Big names of the Life science industry recently moved their headquarters to MA, namely Amgen, GE Healthcare, Shire. CA had about 21 IPOs last year with two regions: San Diego and San Francisco. Meanwhile Boston area had 17 IPO. The facts that MA has only one hub and a bigger geographic concentration makes a stronger case for MA.
- Fifth topic: What about the pharma/biotech drugs price setting issue?
The industry needs to listen to the payers. Great hopes are put on the gene therapy, this is a preventive cost, a lot of innovations are to be expected, but the price needs to be right. Nevertheless, those discussions are not going to cause a slowdown.
2. Value for Money (panel moderated by Jim Shanahan)
Aspect for sustainability: We are currently going from very large diseases to orphan diseases, with very high price tags? is that sustainable? The collegial answers is NO.
Launchpad: The shortage of Capital (no NIH funding) triggers the biggest involvement of business angles than before. The angels do not have the same kind of capacity as bigger investors. They would put 2-3 millions at a time and expecting to have a fast return.
Sanofi Venture: The strategic investors have a different perspective. They look are relatively early stage company, it is more about building relationship than the financial aspect. VC had tough year, with investors pulling money out of their funds for poor performance, they are therefore moving from early stage companies to later stage ones.
Life science nation: To the question: are orphan drugs hot or not? From the 300 mandates related to orphan drugs/diseases 100 are financed through VC and 200 through other categories of investors (Angels, Corporate VC, endowment, foundations, family office, pension fund...). There is democratization fo the funding process, the actors need to keep in mind the benefit for the patient.

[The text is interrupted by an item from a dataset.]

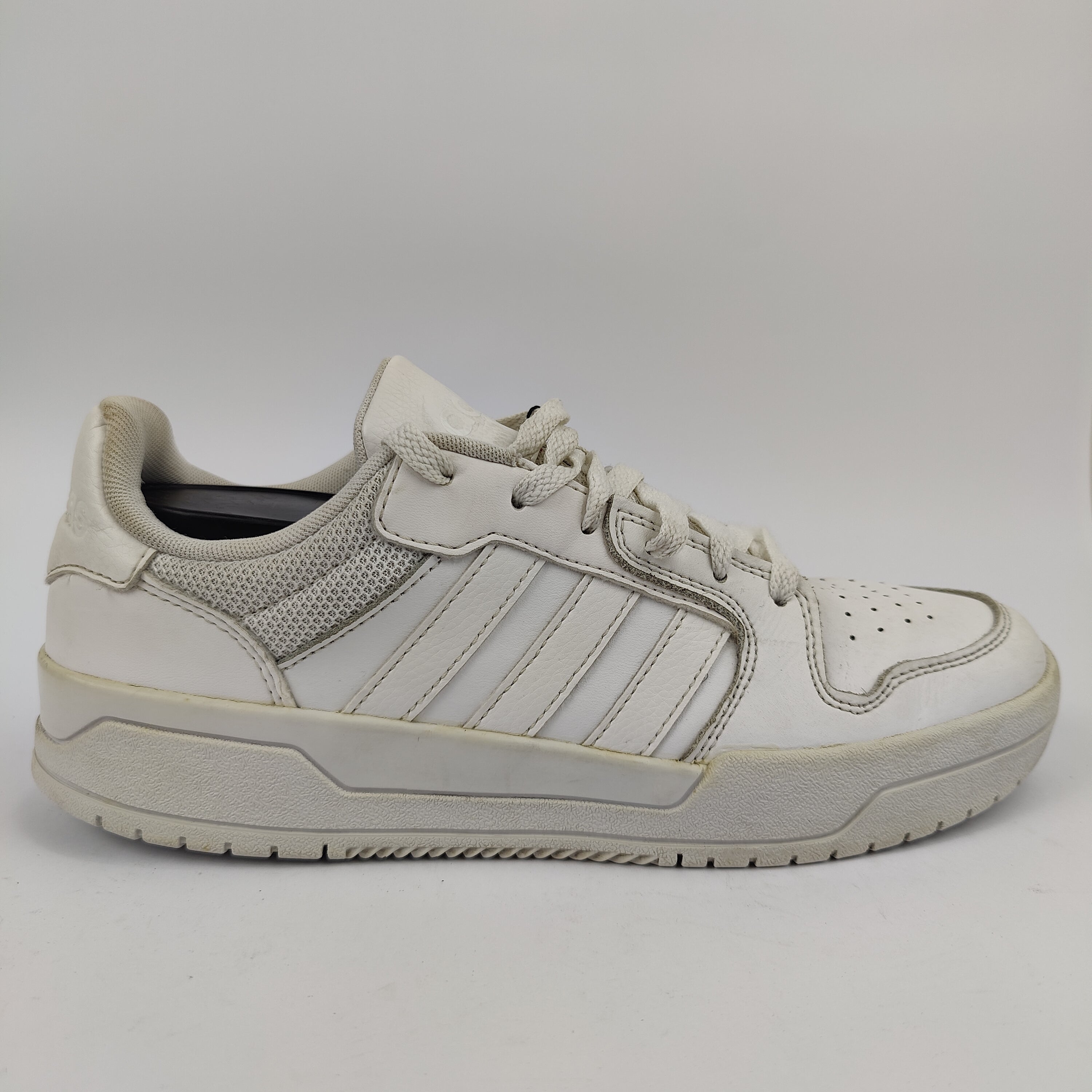 Adidas Entrap Cloud Sneakers (UK/PK 7.5) - 41.5 | Excellent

Entrepreneurs are going to business angels. Instead of having 10-30 bin at a time they get 0.5-1 mlm. The math does not work for orphan diseases with trials limited in number of patients.
So how do we reconcile? Focusing on the payer is key: No reimbursement means no value for the investor! The alignment with objective of the investors. There is misalignment if targeting drugs with a punitive price tag, there is no flipping of the investment, no immediate return. Some counter examples are the life cycle of drugs, like Rogaine or Viagra, they are not curing! (all acquired or developed by BAXTER)

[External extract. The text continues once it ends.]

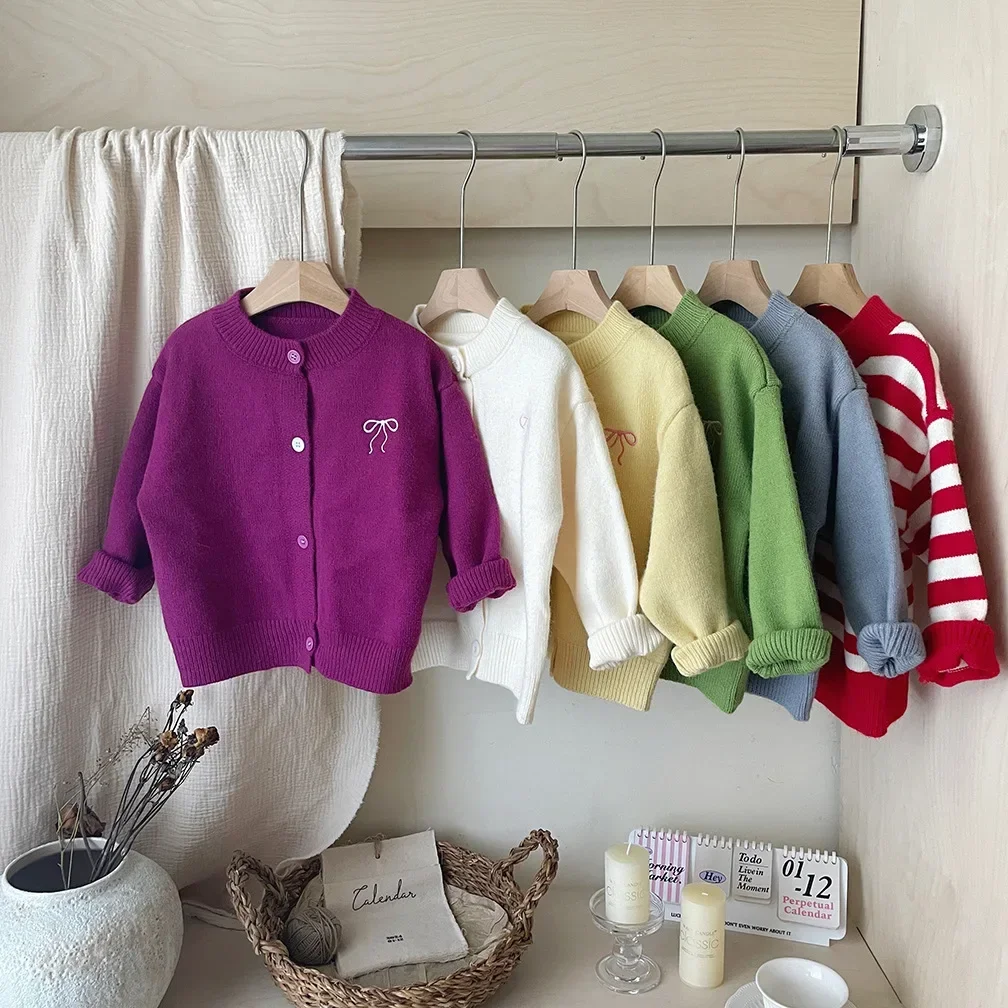 Mädchen Strickjacken 2024, Herbst und Winter, Strickoberteile für Kinder, Kinder, Jacken, Kleinkind-Pullover, Baby-Schul-Outfits, warme Kleidung
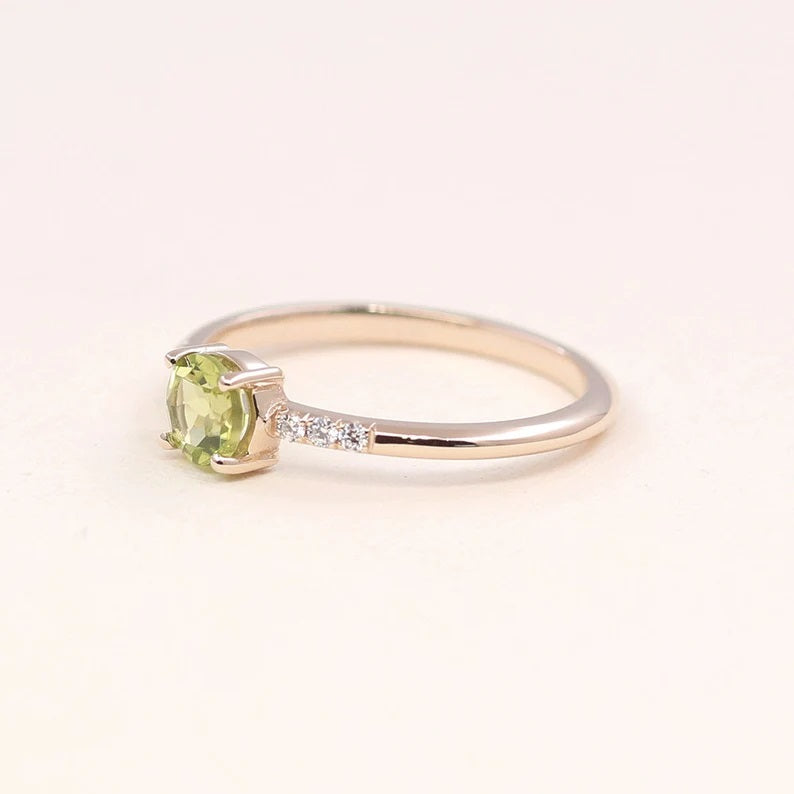 14K ROUND PERIDOT DIAMOND RING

The funding is no longer going to the therapeutics unless it is through corporate partnerships. Diagnostic devices (class III device, long phase III trials) and healthcare IT have the favor of the investors for now. The exit seems reachable on those projects.
Crowd funding is a big topic but according to the panelist would not be able to provide the intellectual capital needed for this project to emerge. It is more about the time and the knowledge that the investors dedicate to the projects then about the cash. On that note, Entrepreneurs need to be aware about the time and cost of fundraising: 9-18 months and cost 70-200k for a campaign.

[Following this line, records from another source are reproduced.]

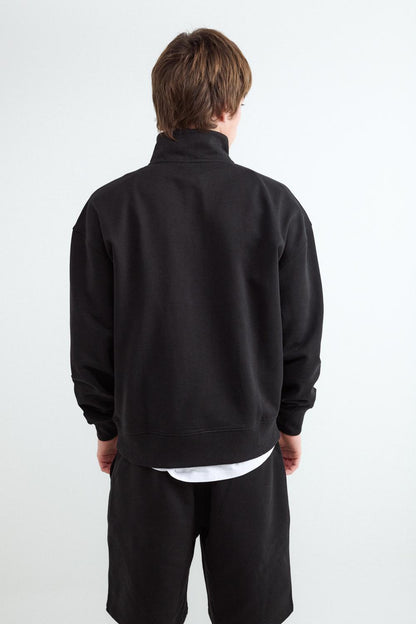 model_front full_QykWYZE0WZfWn1J4q6YQTEdvGb1_preview.jpg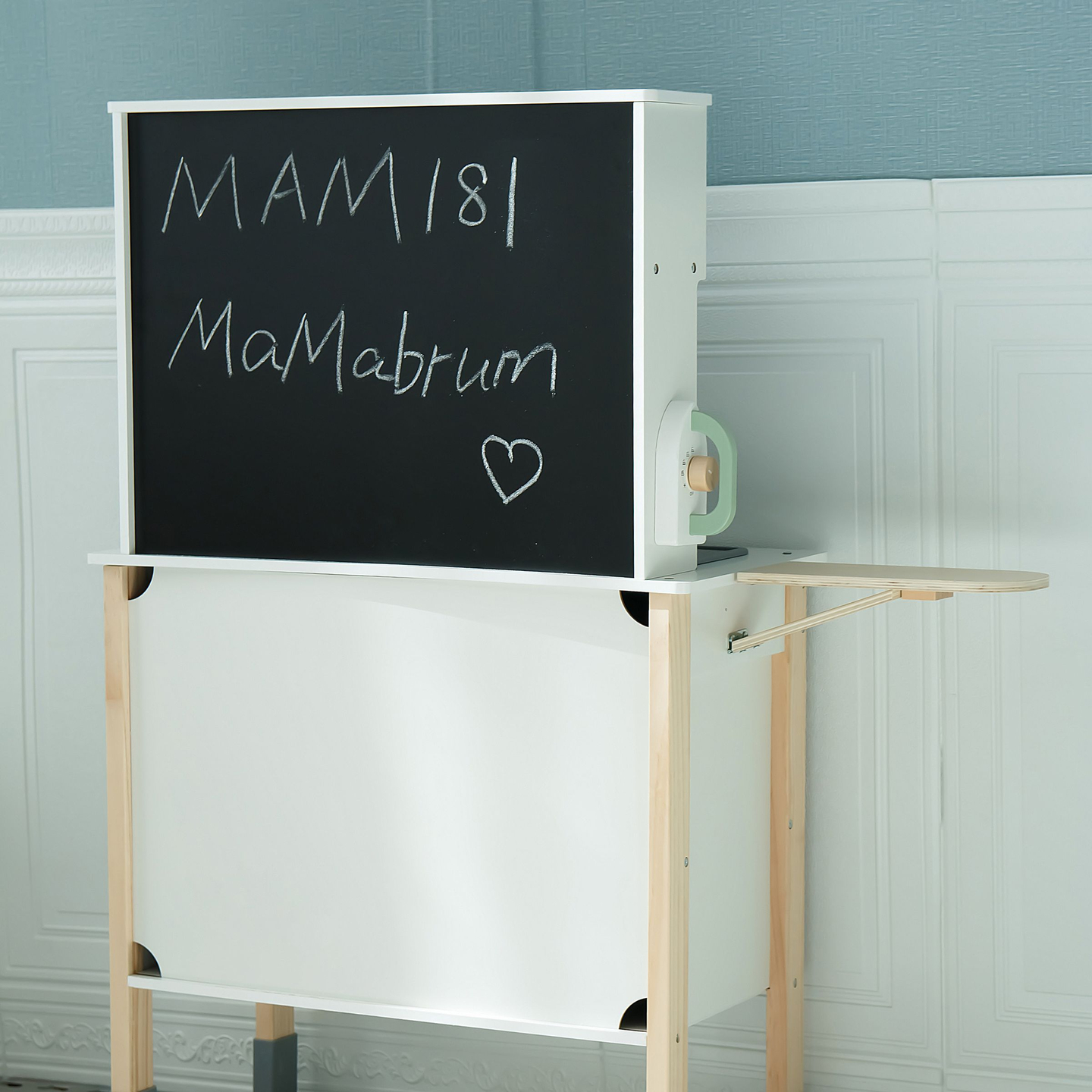 Interaktyvi virtuvė su skalbimo mašina, indaplove ir kreida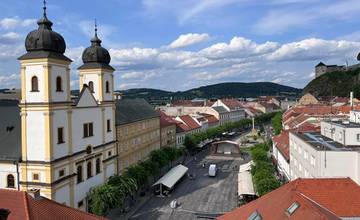 Sobotná prechádzka po Trenčíne prenesie milovníkov histórie do búrlivého 17. storočia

Strategic investors not only can provide intellectual capital but infrastructure as well.
3. Last Panel: Innovation and trends
Clearer identification of the value is needed.
Innovation should be earlier in the process.
Innovation is :
-to focus on the patient
-educate and challenge ourselves in a way that is sustainable and affordable .
The Affordable Care Act puts more power in the hand of the insurer but we need to put more power in the hand of the patients. The regulators focus on the safety while the payer on availability and affordability.
Europe and FDA work in very different way. The process is faster in Europe. Interconnected data/devices allow for a more complete view, monitoring of the patients, furthermore the patient stays at home, which is less costly.
How data is impacting (connected objects): the relationship between the patient and healthcare provider change. Attention: data is not information!
Precision medicine=treat patient only that will be responsive. e.g Alzheimer's patient unresponsive to treatment loose 6-9 weeks, patient safety is lost!